Unrecognized escape sequences are ignored: if the characters \*
appear in a string, they will be translated to the single character
*
.
This translation is obviously undesirable for regular expressions, since
we want to be able to include backslashes in a string in order to
escape regexp metacharacters. Therefore, to make sure that a backslash
is preserved in a string in your Guile program, you must use two
consecutive backslashes:
(define Info-menu-entry-pattern (make-regexp "^\\* [^:]*"))
The string in this example is preprocessed by the Guile reader before
any code is executed. The resulting argument to make-regexp
is
the string ^\* [^:]*
, which is what we really want.
This also means that in order to write a regular expression that matches
a single backslash character, the regular expression string in the
source code must include four backslashes. Each consecutive pair
of backslashes gets translated by the Guile reader to a single
backslash, and the resulting double-backslash is interpreted by the
regexp engine as matching a single backslash character. Hence:
(define tex-variable-pattern (make-regexp "\\\\let\\\\=[A-Za-z]*"))
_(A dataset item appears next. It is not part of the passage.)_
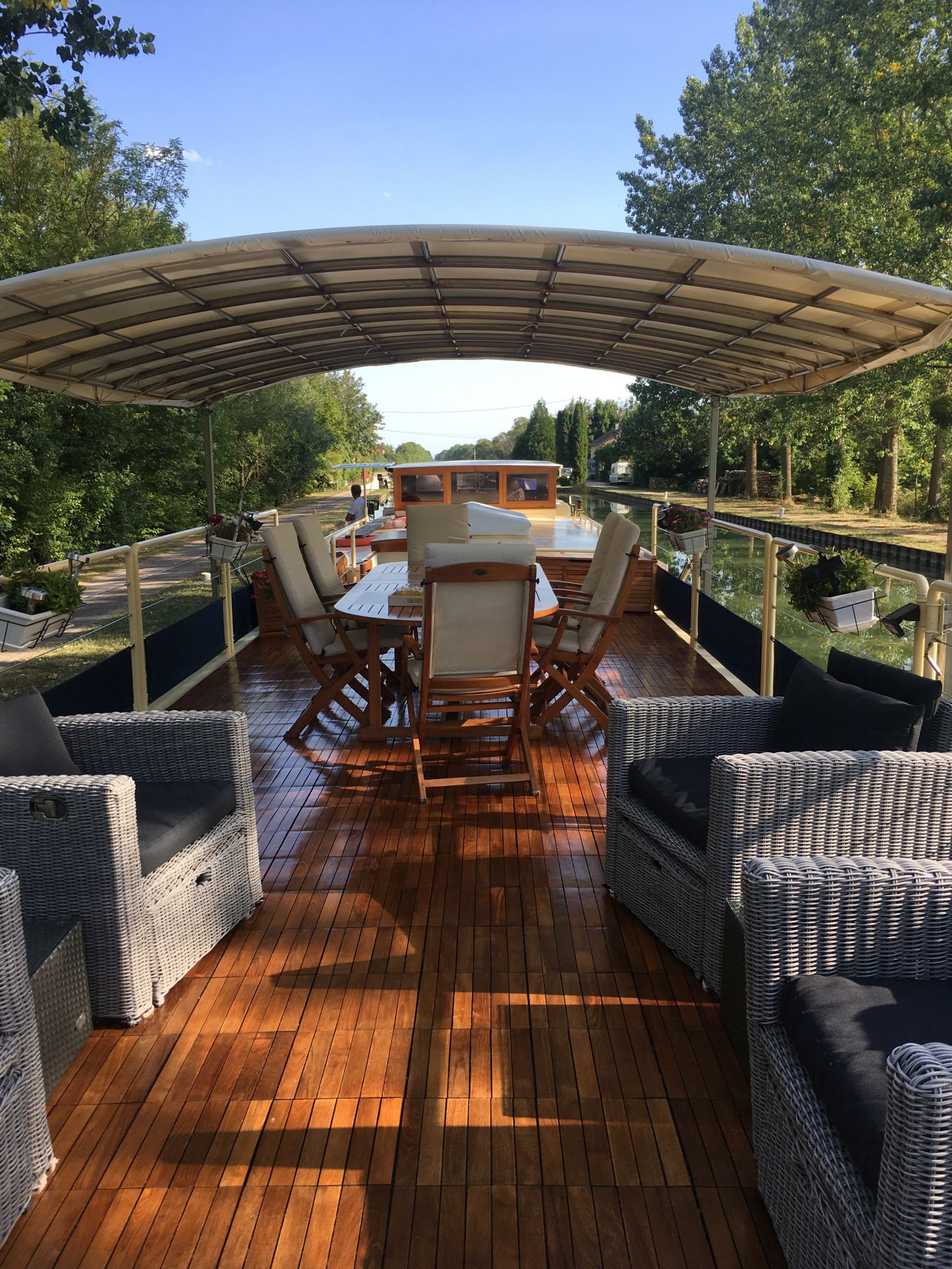 Deck atop French barge Apres Tout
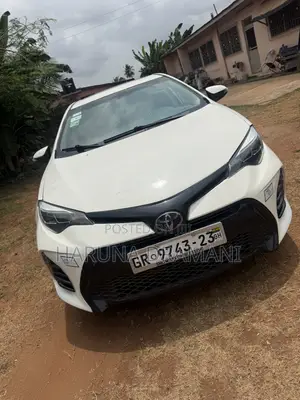 Toyota Corolla S 4dr Sedan (1.8L 4cyl CVT) 2016 White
The reason for the unwieldiness of this syntax is historical. Both regular expression pattern matchers and Unix string processing systems have traditionally used backslashes with the special meanings described above. The POSIX regular expression specification and ANSI C standard both require these semantics. Attempting to abandon either convention would cause other kinds of compatibility problems, possibly more severe ones. Therefore, without extending the Scheme reader to support strings with different quoting conventions (an ungainly and confusing extension when implemented in other languages), we must adhere to this cumbersome escape syntax.